▶ PROBLEM REQUIREMENTS: From the line with "Blood pressure 230" through the last line of the records below, both ends included, transcribe only those lines, exactly, and omit the pictures.

↓

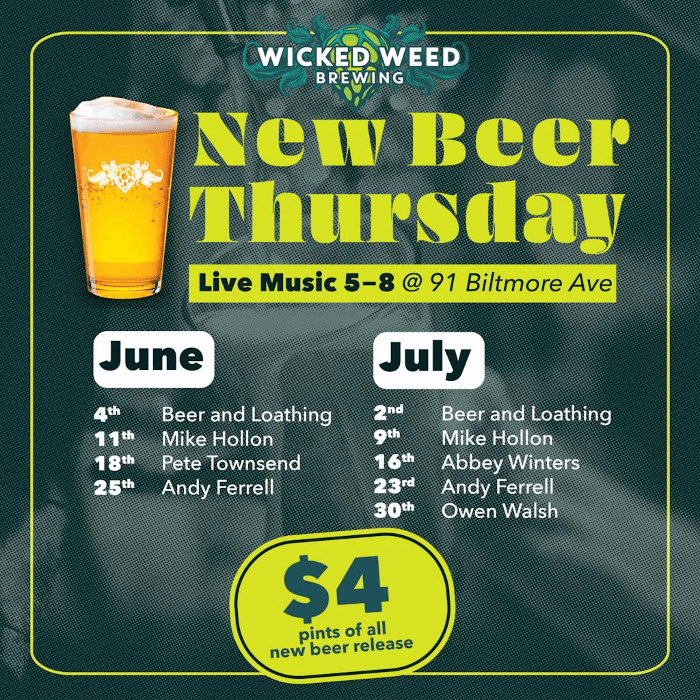 New Beer Thursday at the Brewpub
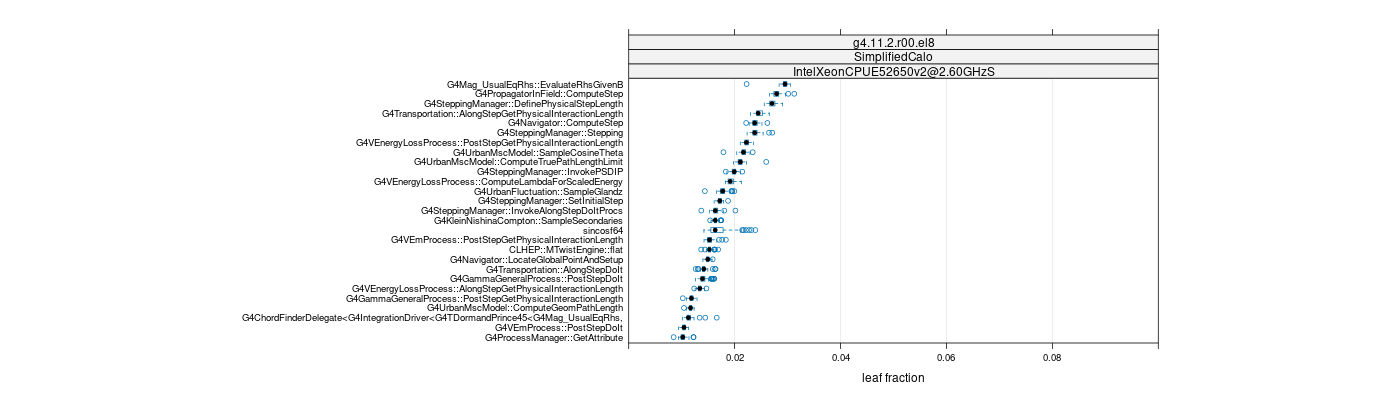 prof_big_functions_frac_plot_01.png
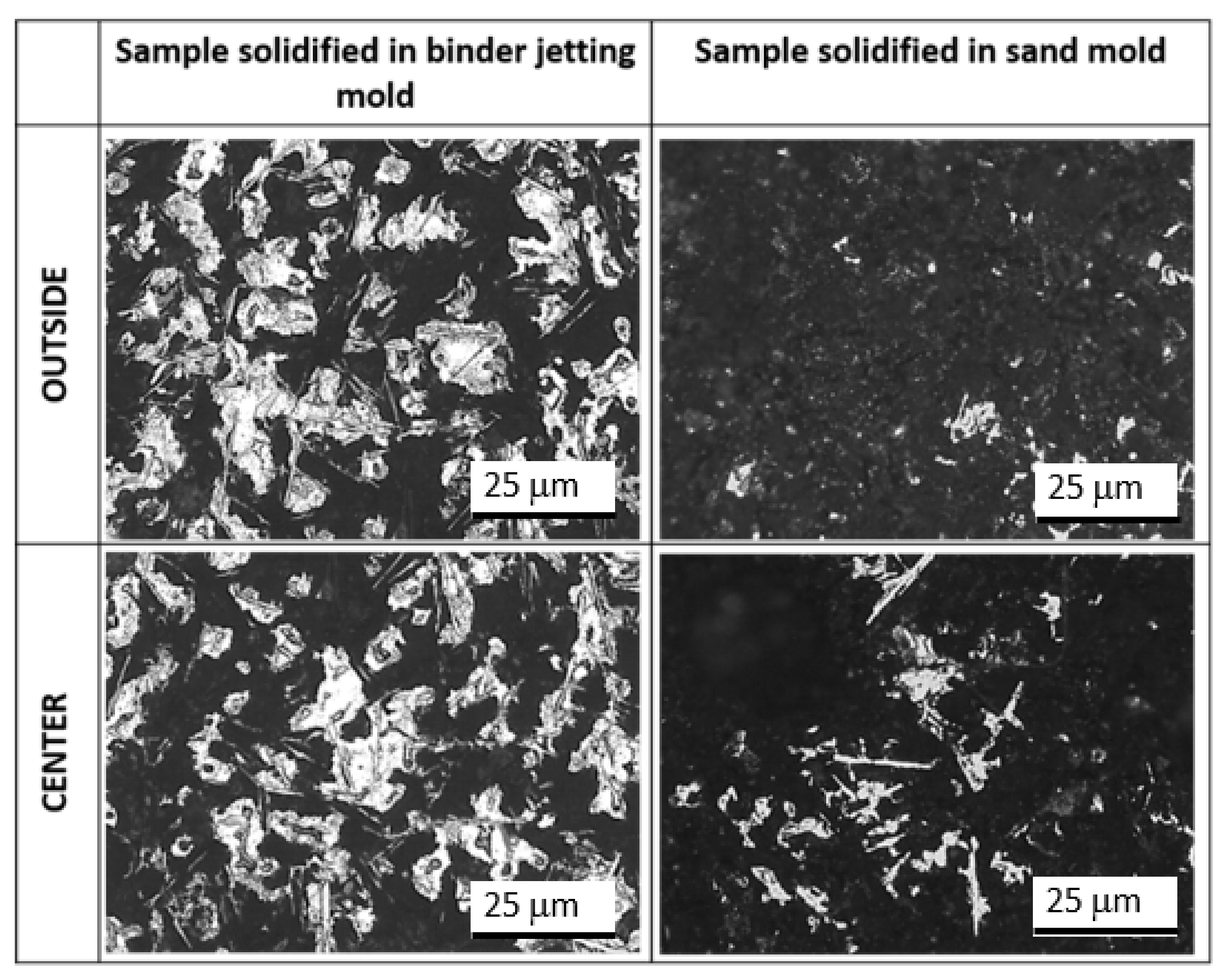 Metals 11 01421 g010 550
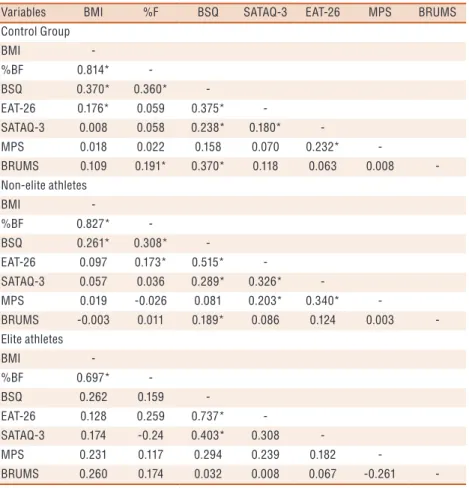 Table 2. Association among study variables through the Pearson test (r).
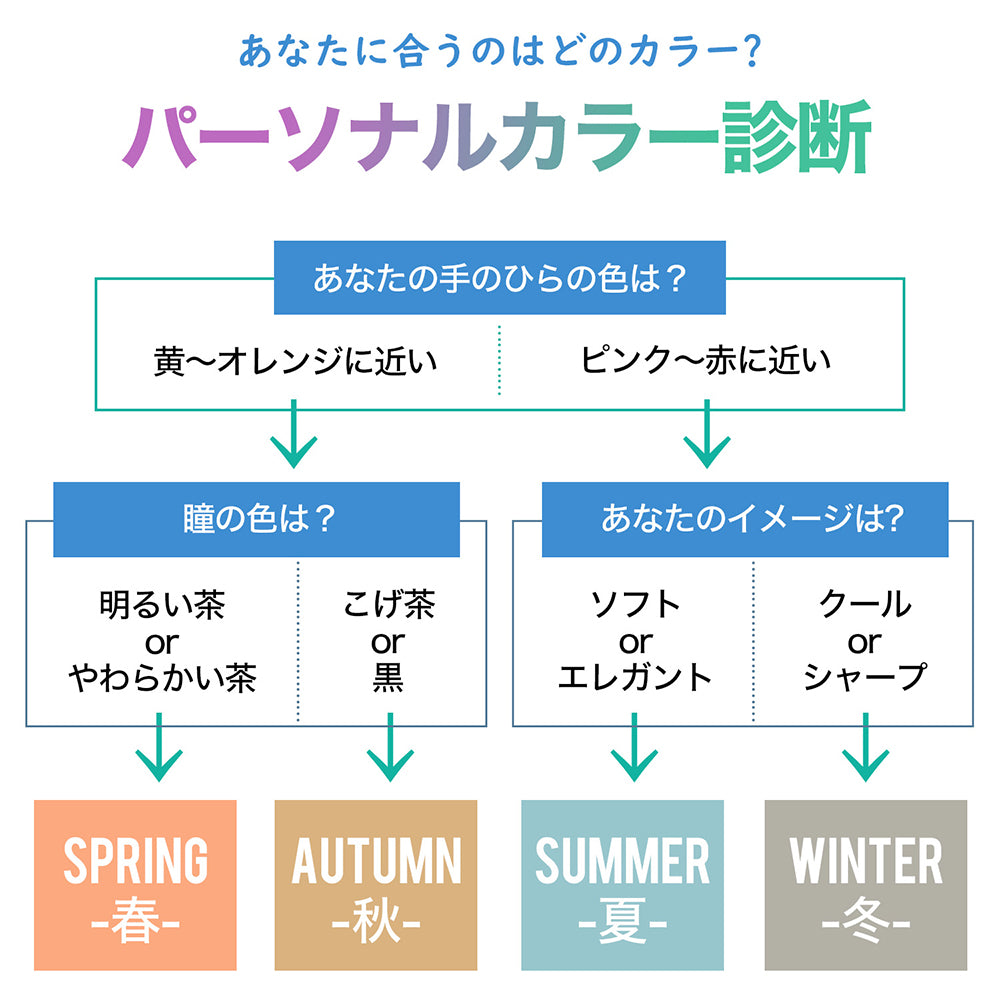 冷感マスク ひんやり 夏用 爽やか肌感 個包装 Sサイズ 子供用ブラック 3枚セット
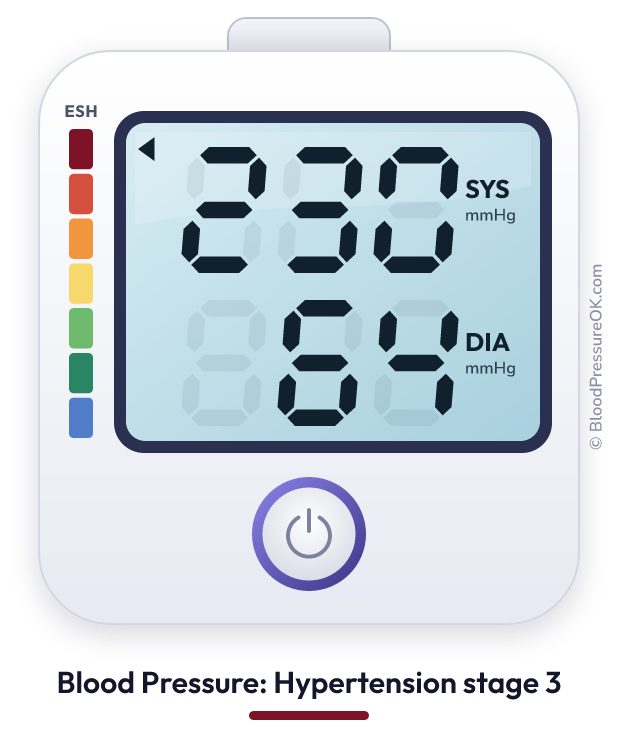Blood pressure 230 over 64 on the blood pressure monitor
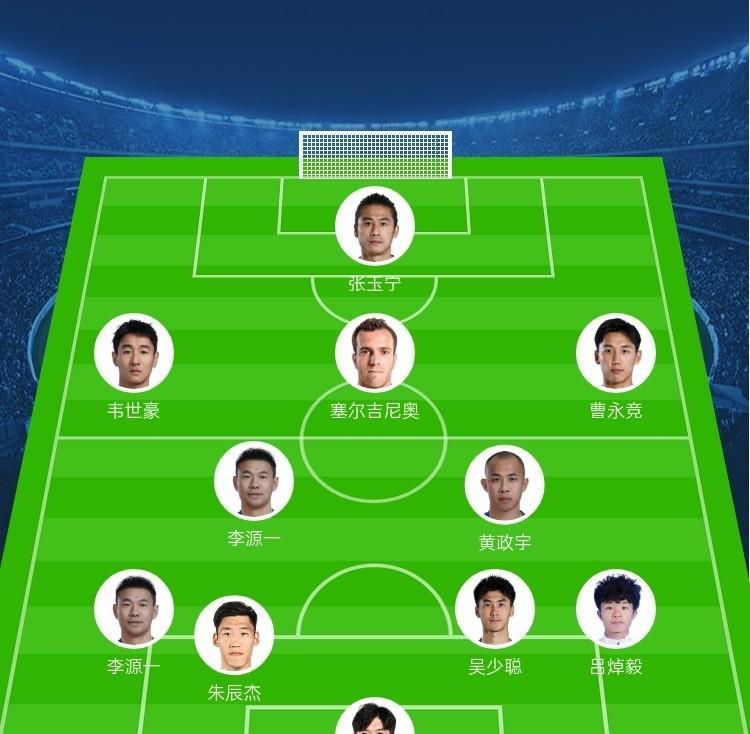 2026年第一天，中国足协官方公布了新一期国家队集训名单，山东泰山和北京国安成为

↑

▶ ANSWER AREA:
Blood pressure 230 over 64 on the blood pressure monitor
 2026年第一天，中国足协官方公布了新一期国家队集训名单，山东泰山和北京国安成为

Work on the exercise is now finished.